Quantcast
Channel: Richard Geldreich's Blog
Viewing all articles
Browse latest Browse all 302

UASTC block format encoding

$
0
0
UASTC is a 15 mode 4x4 pixel LDR-only subset of the ASTC specification with a simpler 128-bit block format. It can be losslessly transcoded to the standard ASTC block format, quickly transcoded to BC7 with very low quality loss (.75 RGB dB PSNR on average), or re-encoded to high quality ETC1/2 with a small amount of per-pixel work. There are 8 opaque modes, 1 solid color mode, and 6 alpha modes. These UASTC modes each map to one of 6 BC7 modes (all except 0 and 4). UASTC is the first high quality universal GPU texture format that supports block partitioning.

This post shows how each mode is laid out in a 128-bit UASTC block at the bit level. Bits are written starting from the beginning of the block (at the first byte's LSB) working "down" towards bit 128. The mode field is always first and is stored at bit 0 in the block (bit 0 of byte 0).

See the previous post for a description of each UASTC mode: How many subsets, the weight/endpoint BISE ranges, number of planes, etc.

Unlike ASTC, the weights are not stored in reverse bit order starting from the end of the block. Instead they are stored immediately following the endpoint bits in regular (LSB first) bit order.

The CEM field is always 8 (RGB Direct) for modes 0-7, and 12 (RGBA Direct) for 9-14. Blue Contraction isn't supported (i.e. the endpoints can be in arbitrary order, which we exploit to reduce the few index bits like BC7 does). Mode 8 is void-extent.

This is a snapshot of the current encoding. This may change somewhat over the next few weeks.

Field Definitions:


Mode: Huffman coded mode (2, 4, or 5 bits). One mode (15) is saved for future expansion. The Huffman codes and code lengths are (first bit of Huffman code is the LSB):

{ 0xB, 5 }, { 0x1B, 5 }, { 0x7, 5 }, { 0x17, 5 }, { 0xF, 5 }, { 0x1F, 5 }, { 0x2, 4 },
{ 0xA, 4 }, { 0x6, 4 }, { 0xE, 4 }, { 0x1, 4 }, { 0x0, 2 }, { 0x9, 4 }, { 0x5, 4 }, { 0xD, 4 }, { 0x3, 4 }

ETC1F, ETC1D, ETCI0, ETCI1: 8-bits of ETC1 transcode hints (flip, differential, inten table 0, inten table1).

These hints are used by the transcoder to quickly create ETC1 blocks from the unpacked UASTC texels. To use them, the transcoder computes each 4x2 or 2x4 subblock's average color, quantizes them to 555:333 or 444:444 bits, then computes the selectors in luma space. No other work is necessary (because all the hard work was done in the UASTC encoder).

ETC2TM: 8-bits of ETC2 EAC A8 transcode hints (4-bit table, 4-bit multiplier)

This is similar to how ETC1 blocks are packed, except these hints are for the alpha portion of ETC2 EAC A8 blocks.
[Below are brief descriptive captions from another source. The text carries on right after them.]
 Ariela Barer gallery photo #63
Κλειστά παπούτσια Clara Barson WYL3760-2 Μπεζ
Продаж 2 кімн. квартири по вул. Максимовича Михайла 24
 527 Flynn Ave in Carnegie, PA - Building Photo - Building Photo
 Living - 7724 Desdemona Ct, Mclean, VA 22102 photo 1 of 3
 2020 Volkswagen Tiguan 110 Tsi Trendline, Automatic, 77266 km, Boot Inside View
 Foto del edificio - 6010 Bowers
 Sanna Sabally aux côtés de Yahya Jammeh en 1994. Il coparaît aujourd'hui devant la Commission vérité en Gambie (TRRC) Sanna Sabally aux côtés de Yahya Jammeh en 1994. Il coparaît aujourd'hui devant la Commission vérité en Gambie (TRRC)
These bits are only present in modes 9-14 (the alpha modes).

ETQ: Packed endpoint trits/quints values. A simplified form of BISE is used in UASTC, see:
https://www.khronos.org/registry/DataFormat/specs/1.1/dataformat.1.1.html#astc-integer-sequence-encoding

See the "UASTC BISE Endpoint Ranges table" below for the # of trits or quints for each endpoint range. Some of the ranges don't have trits or quints, so there will be no ETQ fields.
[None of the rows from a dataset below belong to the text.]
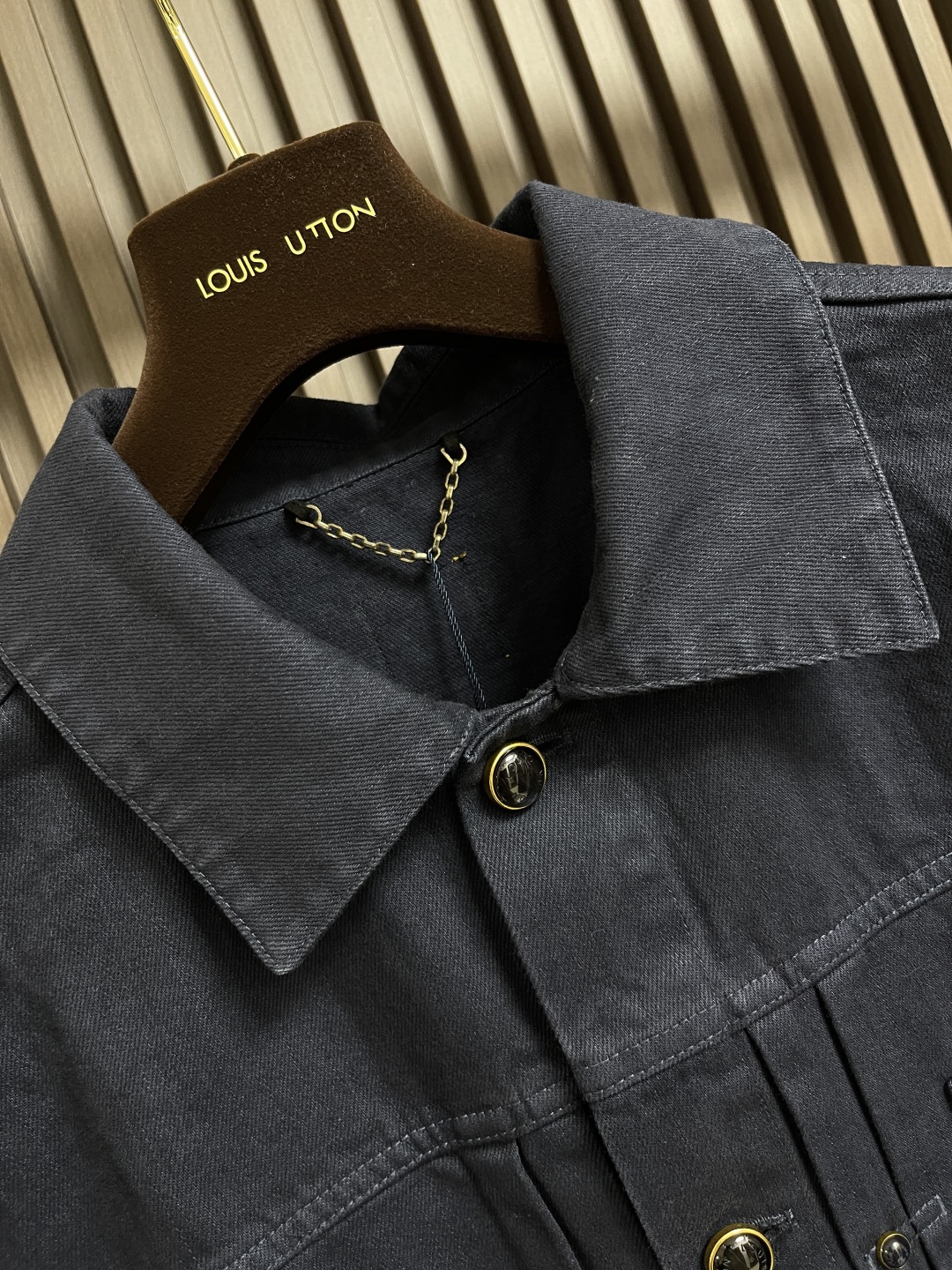 Coats & Jackets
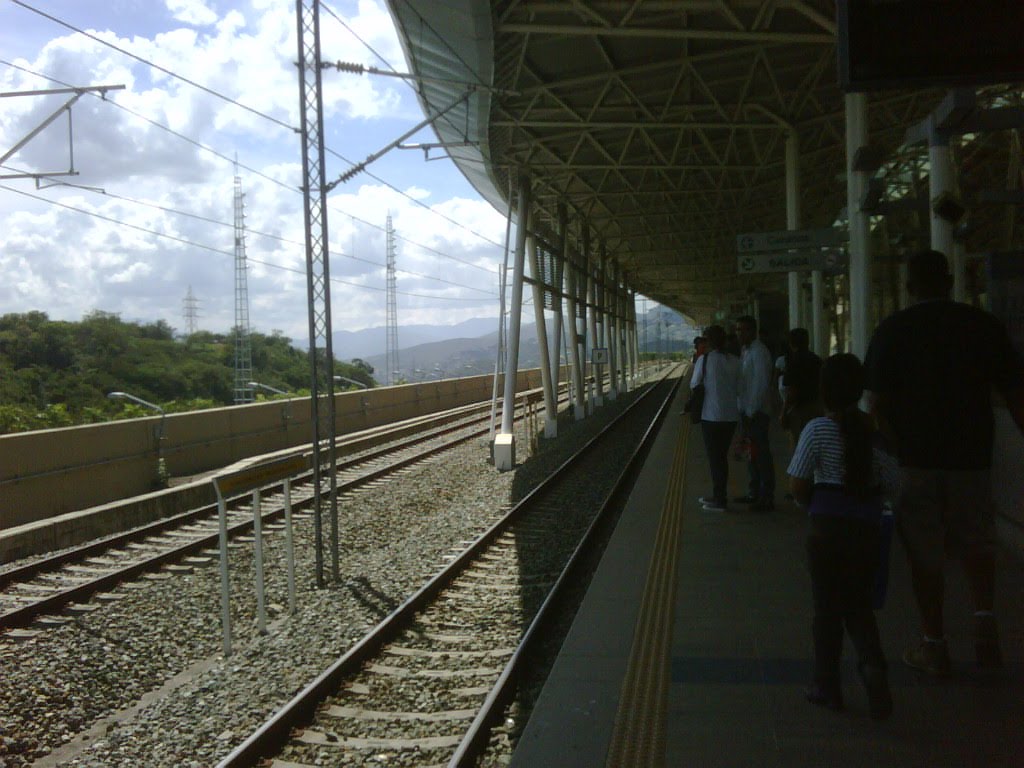 Charallave Norte Train Station. Charallave, Miranda State by calfonzogaskin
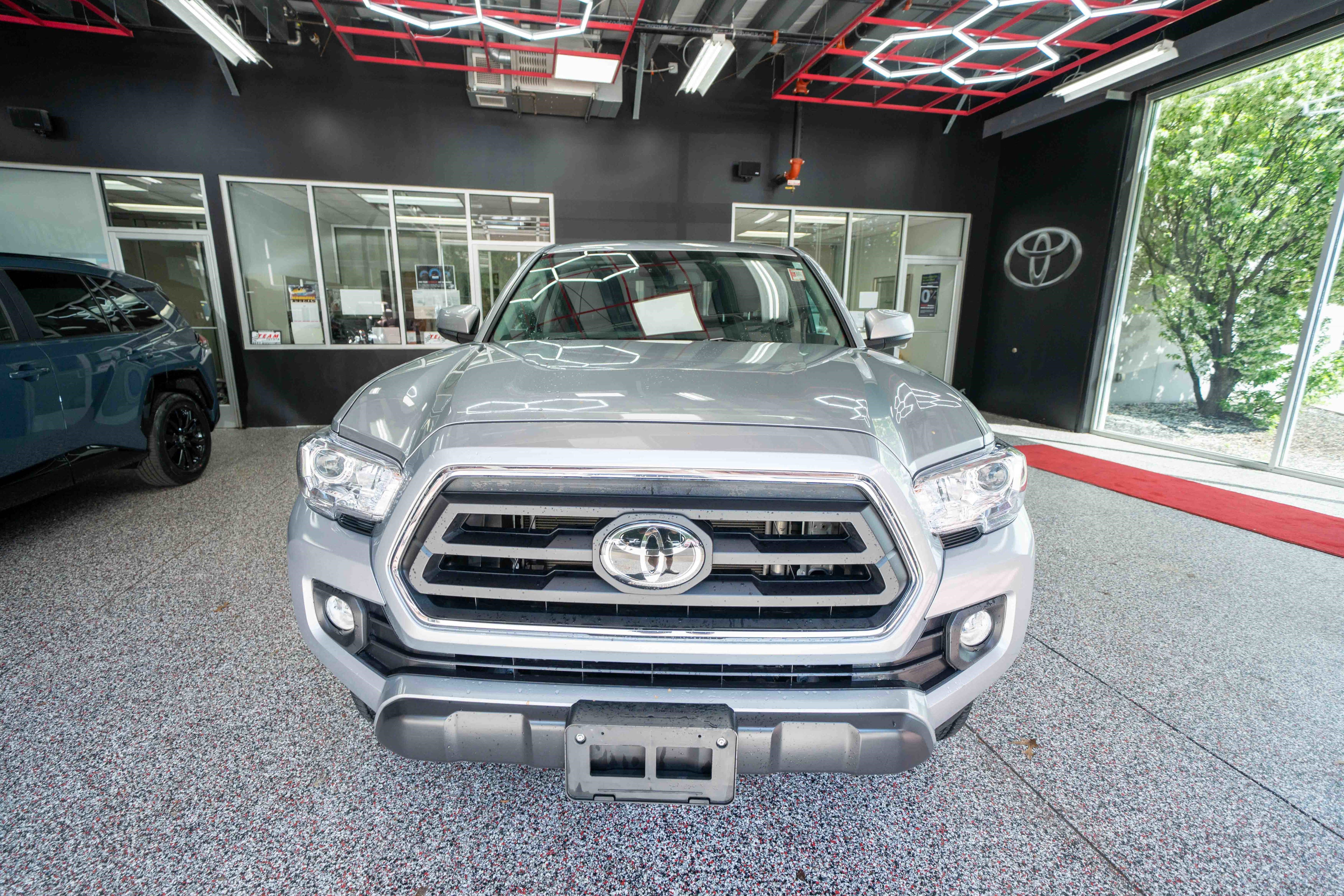 Used 2022 Toyota Tacoma SR5 image 6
We store the trits/quints first, followed by each value's bits. The bit interleaving and trit/quint rearranging and preprocessing in section 18.2 aren't used. Instead the encoded trits/quints are stored in UASTC as-is.

For quints, each encoded value is up to 7-bits: quint2*25+quint1*5+quint0, and similar for trits except each encoded value is up to 8-bits. When the number of endpoint values isn't a multiple of 5 or 3 values, the size of the final code is the minimum # of bits necessary to represent the encoded value (to save bits).
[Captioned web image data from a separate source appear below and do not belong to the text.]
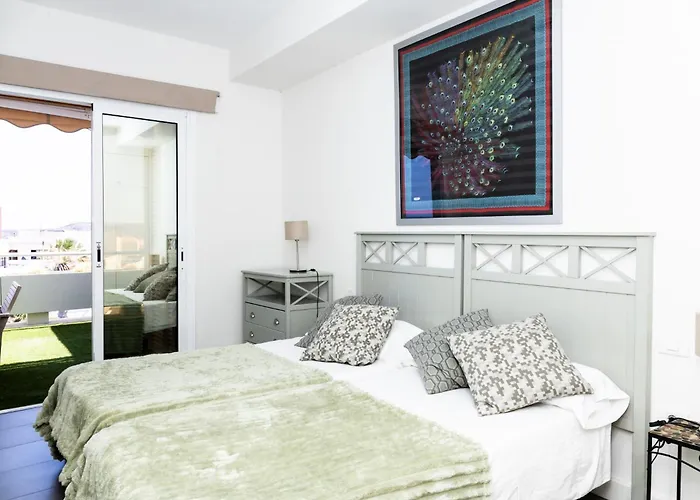 Sea View 2b 公寓 *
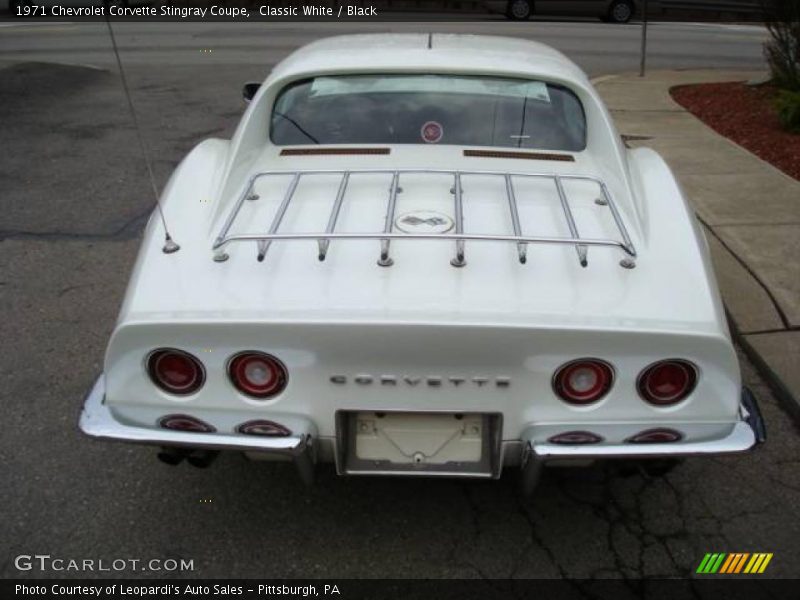 Classic White / Black 1971 Chevrolet Corvette Stingray Coupe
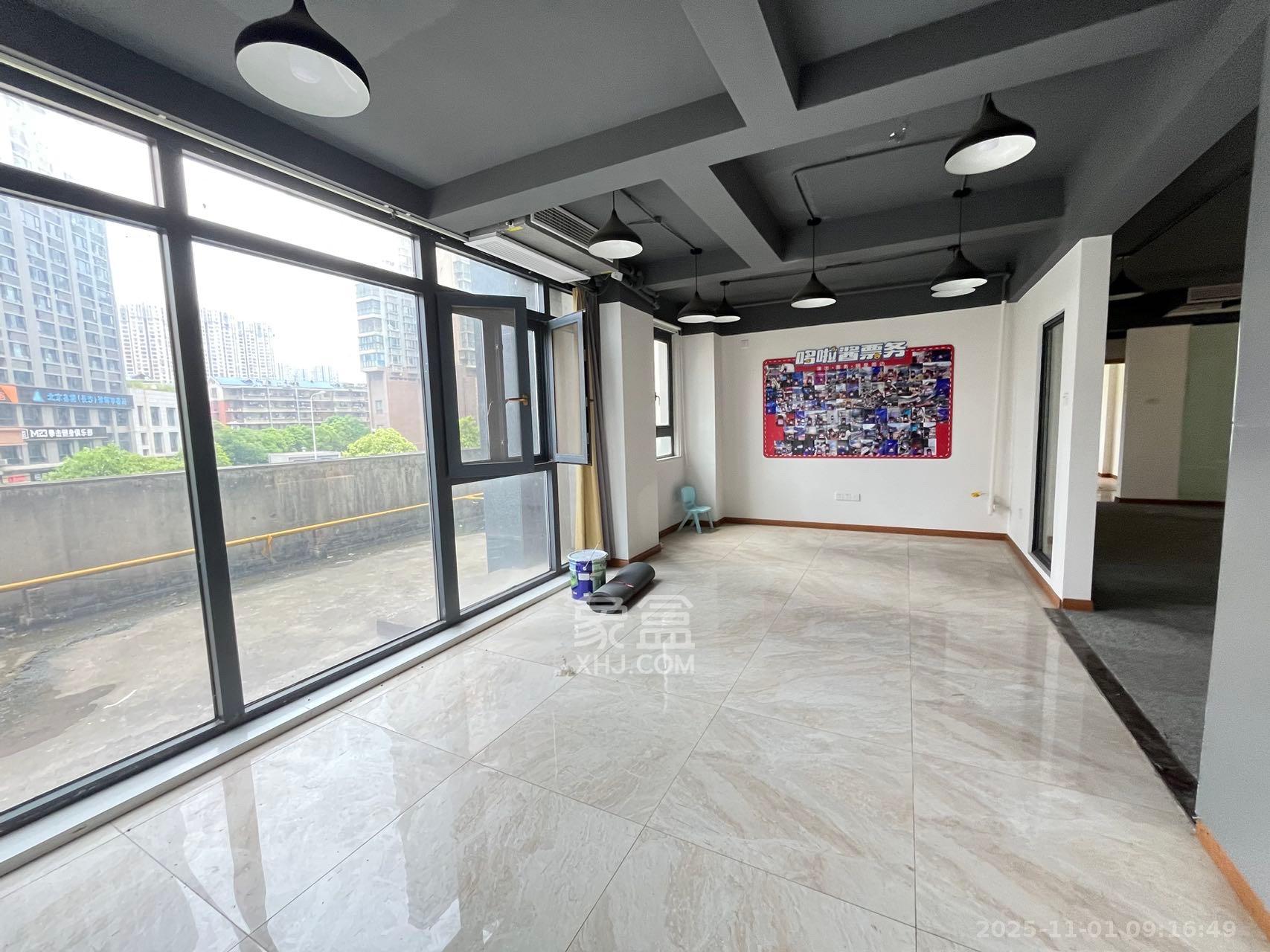 藏珑湖上国际花园  3室2厅2卫    3300.0元/月 藏珑湖上国际花园  3室2厅2卫    3300.0元/月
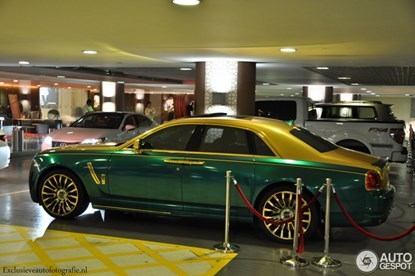 Lóa mắt bởi Rolls-Royce Ghost 'mặc áo' vàng-xanh - ảnh 6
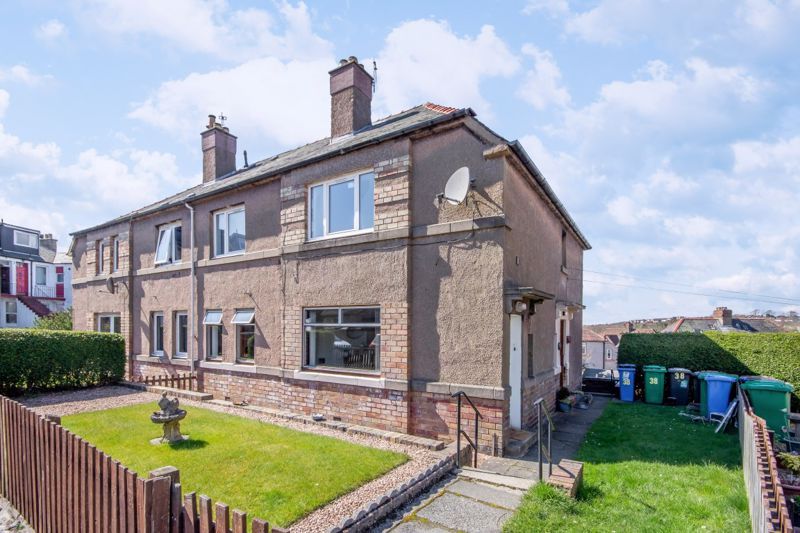 2 bed flat for sale in Gladstone Place, Dunfermline KY12 Zoopla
EBITS: Endpoint bits (one set of bits per ASTC endpoint value). See the "UASTC BISE Endpoint Ranges table" below for the # of bits for each endpoint range. Endpoint order is the same as ASTC's: RL, RH, GL, GH, BL, BH, etc. Max of 18 values (RGB 3-subsets: 3*2*3).

To retrieve the endpoint values, you extract the trits/quints from the encoded ETQ values, shift each one left the appropriate number of bits (depending on the UASTC mode's endpoint range) and logically OR in the EBITS values.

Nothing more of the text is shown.